▶ [AIM OF THE EXERCISE]:
Repeat exactly the line with "Illuminated buildings by" and each line after it to the end of the data below; pictures stay out.
·····
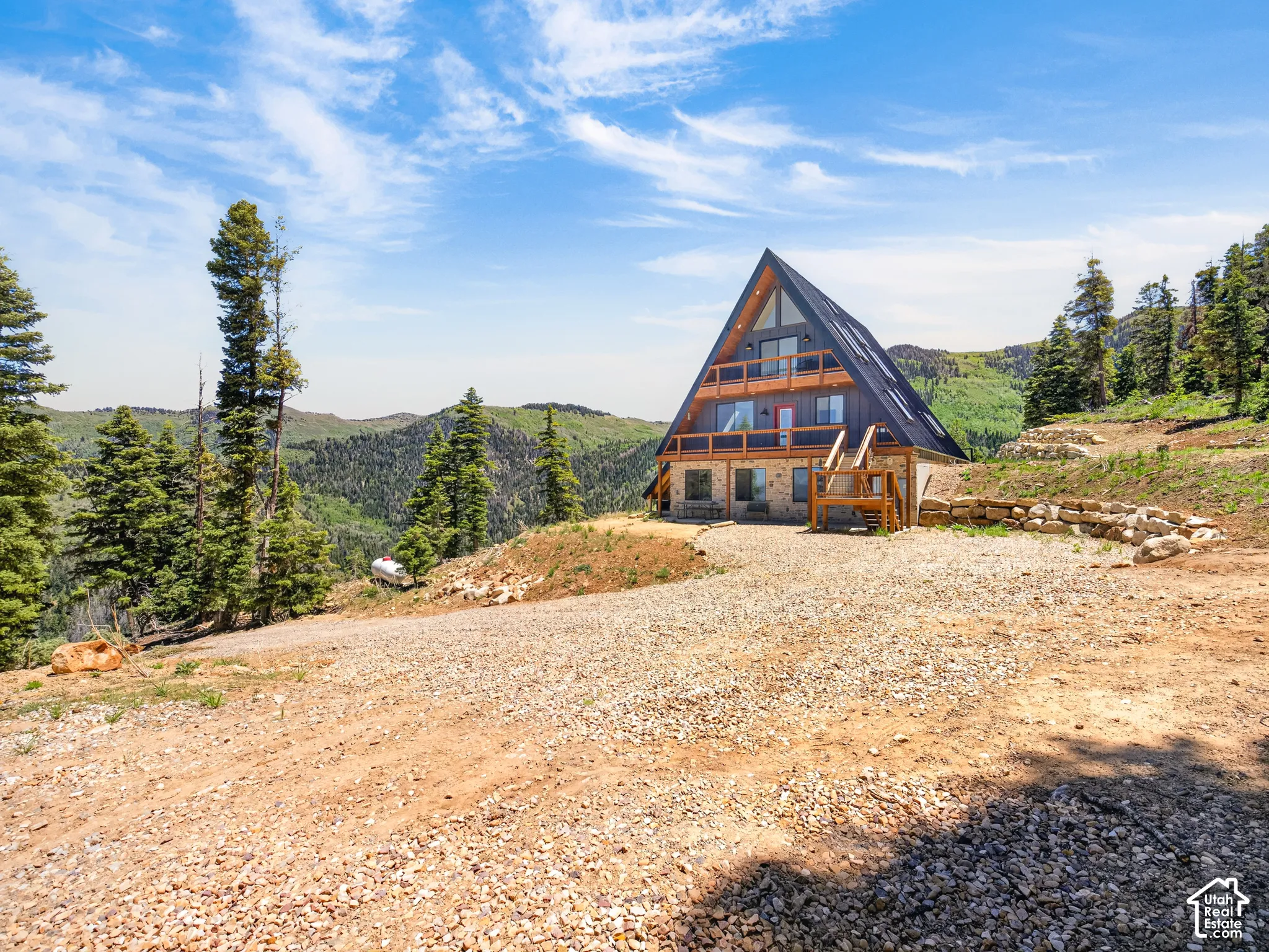 A-frame residence featuring a dark-pitched roof and light-toned siding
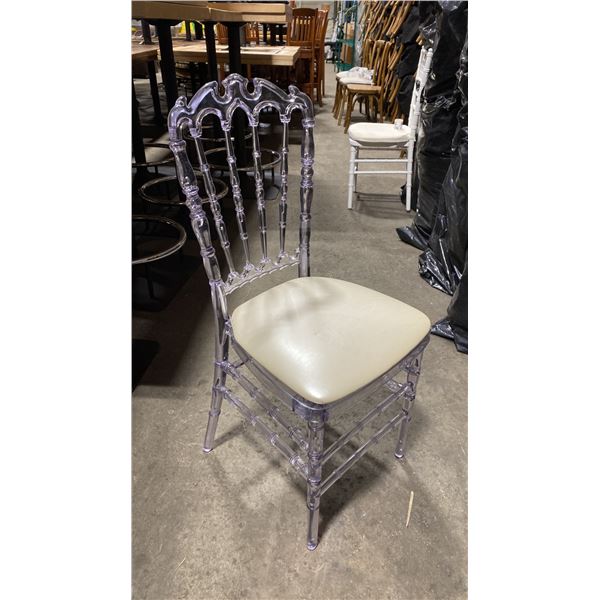 STACK OF 8 CLEAR PLASTIC COMMERCIAL STACKING EVENT CHAIRS WITH CUSHIONS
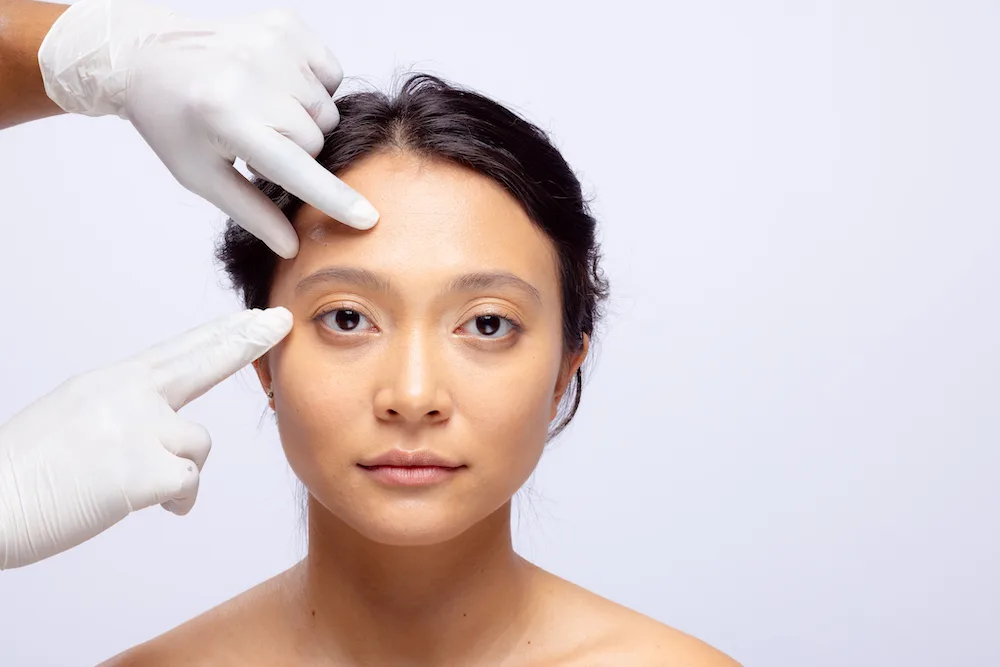 A doctor who wear medical glove that do a face lift checked on women face which after help her do facial lifting treatment.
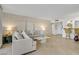 Bright living room features bar, comfortable seating and tiled floors at 205 E Harmon Ave # 306, Las Vegas, NV 89169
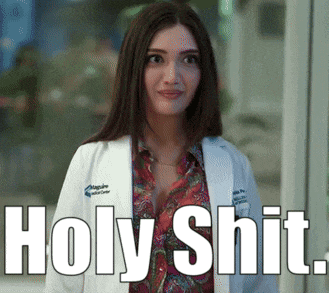 a woman in a lab coat with the words holy shit written on it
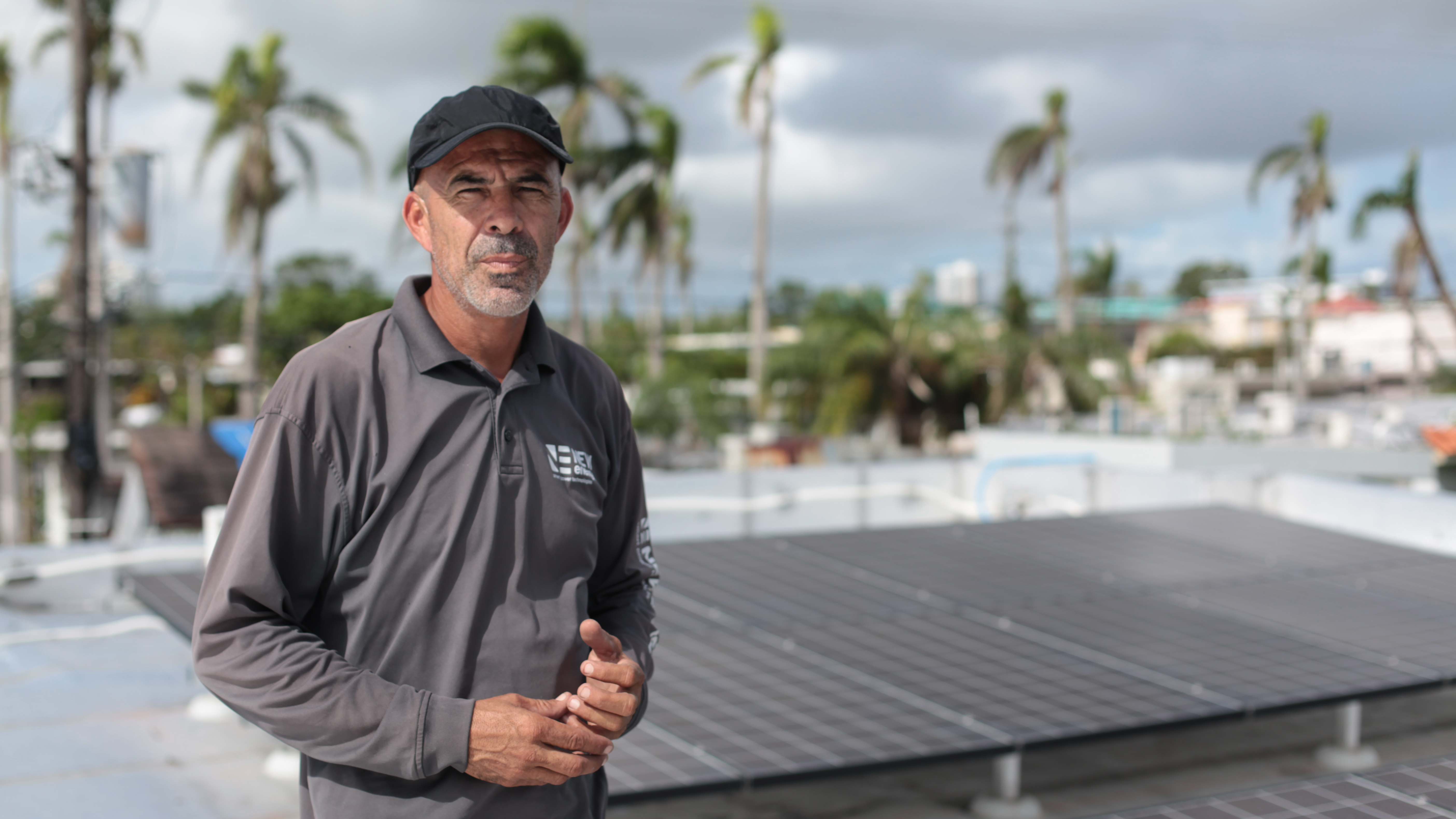 PR Rooftop Technician Alexis Portalatin stands next to rooftop solar panels he is connecting to a new Tesla battery storage system the San Juan suburb of Guaynabo. The storage system will allow the panels to operate separately from the power grid and supply electric
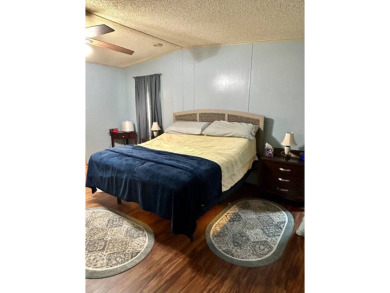 2 Bedroom | 2 Bath | 1,296 sq ft in highly sought after 55+ on Lake Henry Golf Club in Florida - for sale on GolfHomes.com, golf home, golf lot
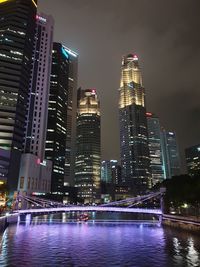 Illuminated buildings by river against sky at night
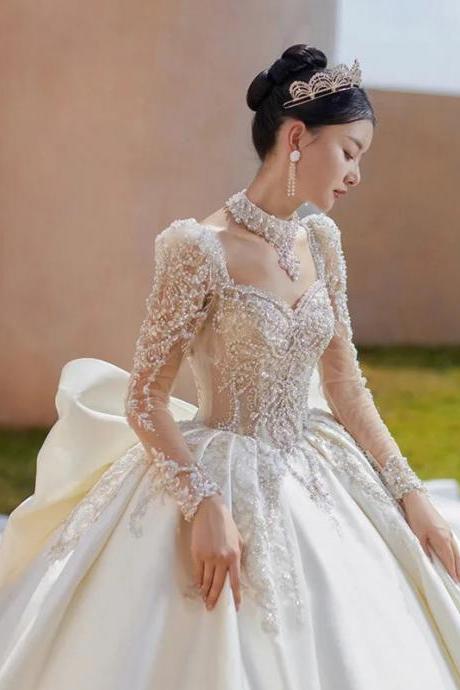 Elegant Long Sleeve Beaded Ball Gown Wedding Dress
·····
▶ [ANSWER]:
 Illuminated buildings by river against sky at night
 Elegant Long Sleeve Beaded Ball Gown Wedding Dress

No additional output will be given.